Switching Segment(view(v, [i, i + 1])) to Segment(SVector(v[i], v[i+1])) in the segments function should correspond to what @BloodWorkXGaming did, but as I wrote I think it would be more useful to make Segment(a, b) expand to Segment(SVector(a, b)) (and similarly for all n-gons), instead of changing individual uses of Segment. If you prefer not to change the varargs constructor of Ngon, then it might make sense to start improving the performance of individual use cases, but I think it would be helpful to first make that more general decision.

Answer 6 · 2023-07-07T19:14:08.000Z

Another point of performance improvement might be the boundingbox implementations:
These have a lot of allocations, which shouldn't be necessary for any boundingbox calculation.
E.g. for this shape it's over 17kb of RAM

julia> poly
2 GeometrySet{2,Float64}
  └─PolyArea(50-Ring)
  └─PolyArea(356-Ring, 302-Ring)

julia> @time boundingbox(poly)
  0.000021 seconds (21 allocations: 17.172 KiB)
Box{2, Float64}(Point(0.604086399, -13.3619730947), Point(149.4063610679, 13.8699076501))

This isn't really a priority as it is still fast, but could be a problem when running in a tight loop.

Answer 7 · 2023-07-07T19:22:37.000Z

Fully agree with all comments raised. We will be working on these internal improvements soon as we are using the code for some agriculture applications that are demanding more performance. Em sex., 7 de jul. de 2023 16:14, Jonas ***@***.***> escreveu:

…

Another point of performance improvement might be boundingbox implementations: These have a lot of allocations, which shouldn't be necessary for any boundingbox calculation. E.g. for this shape it's over 17kb of RAM julia> poly 2 GeometrySet{2,Float64} └─PolyArea(50-Ring) └─PolyArea(356-Ring, 302-Ring) julia> @time boundingbox(poly) 0.000021 seconds (21 allocations: 17.172 KiB) Box{2, Float64}(Point(0.604086399, -13.3619730947), Point(149.4063610679, 13.8699076501)) This isn't really a priority as it is still fast, but could be a problem when running in a tight loop. — Reply to this email directly, view it on GitHub <#488 (comment)>, or unsubscribe <https://github.com/notifications/unsubscribe-auth/AAZQW3KBKN6OMNPMLFI7HULXPBNYXANCNFSM6AAAAAAZYOI6CI> . You are receiving this because you authored the thread.Message ID: ***@***.***>

Answer 8 · 2023-07-07T21:37:04.000Z

@BloodWorkXGaming regarding the boundingbox allocations, did you identify the harmful lines? Feel free to submit PRs for review. If it is also related to the current internal representation of vertices in Polytope types, we will fix it in a more systematic way.

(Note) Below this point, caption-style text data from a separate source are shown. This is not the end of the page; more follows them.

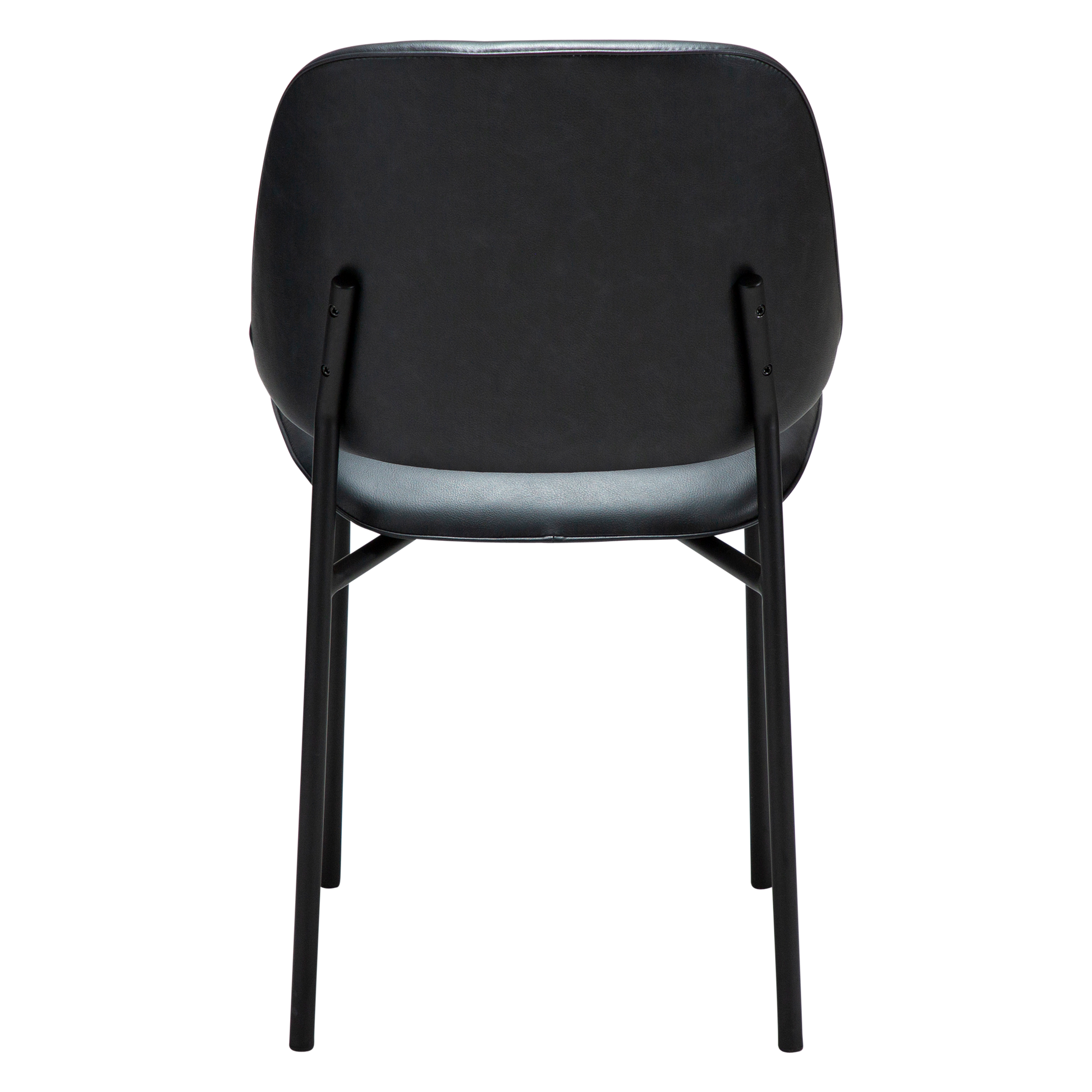[var:Bezug=Raben Schwarz Kunstleder mit schwarzen Metallbeinen] OHMY Stuhl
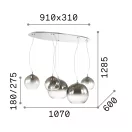 Ideal Lux 138305 Nemo függeszték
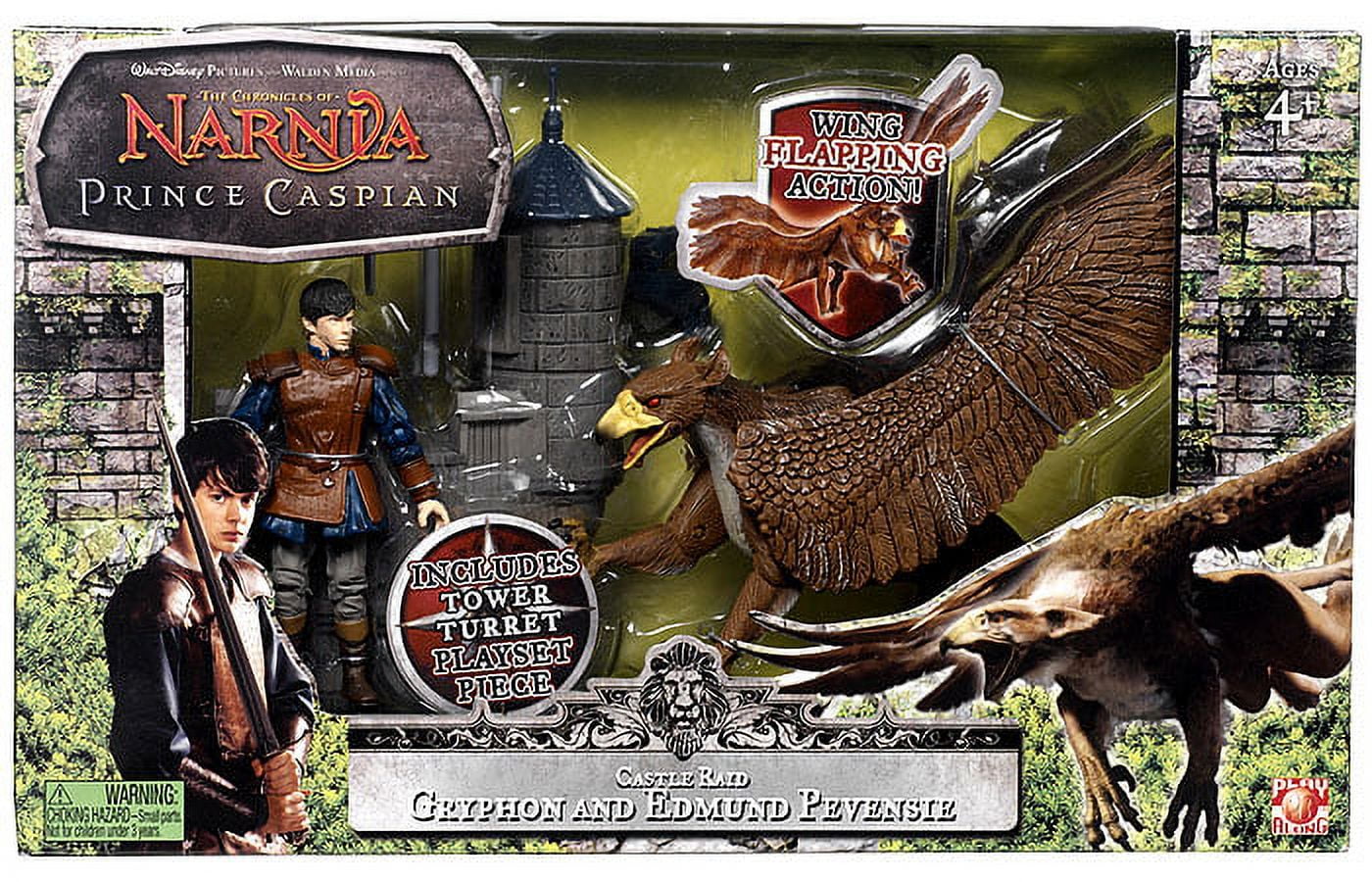 The Chronicles of Narnia Prince Caspian Castle Raid Gryphon & Edmund Pevensie Action Figure 2-Pack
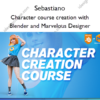 Character course creation with Blender and Marvelous Designer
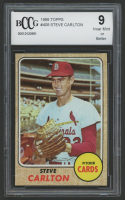 Steve Carlton 1968 Topps #408 (BCCG 9) at PristineAuction.com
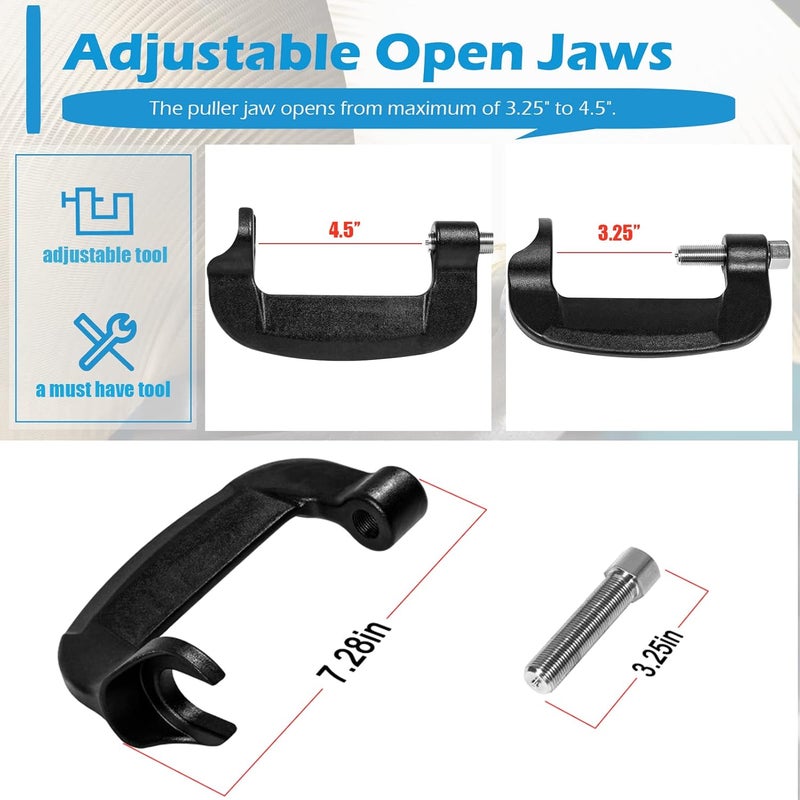 Yoursme Inboard Prop Propeller Puller C Clamp for Ski Wakeboard Surf Boat Propellers Works on 3/4" to 1-1/8" shaft - Image 5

Answer 9 · 2023-07-08T07:31:02.000Z

Ye I found some harmful lines, it is rather related to the MVectors and collect operations in the functions. Will try to open a PR after the weekend with some improvements :)

Answer 10 · 2023-07-17T16:25:30.000Z

Update: we already implemented a series of changes to the vertices representation inside Polytope geometries. They are NTuple of Point now, which means, more compile-time optimizations.

Answer 11 · 2023-07-21T12:15:12.000Z

Update: refactored boundingbox and hull methods to allocate zero memory whenever possible.

@BloodWorkXGaming all cases covered now from your previous PR.

Answer 12 · 2023-07-21T22:57:38.000Z

Thanks! Sorry for not refactoring the PR, was very low on time the past weeks

Answer 13 · 2023-07-26T00:14:35.000Z

Update: pointwise transforms no longer allocate intermediate vectors. Rotate, Translate and Stretch are examples.

Answer 14 · 2024-02-01T17:06:50.000Z

We need to improve the performance of the FIST triangulation method. I think it is already type stable, we need algorithmic improvements and multiple threads now.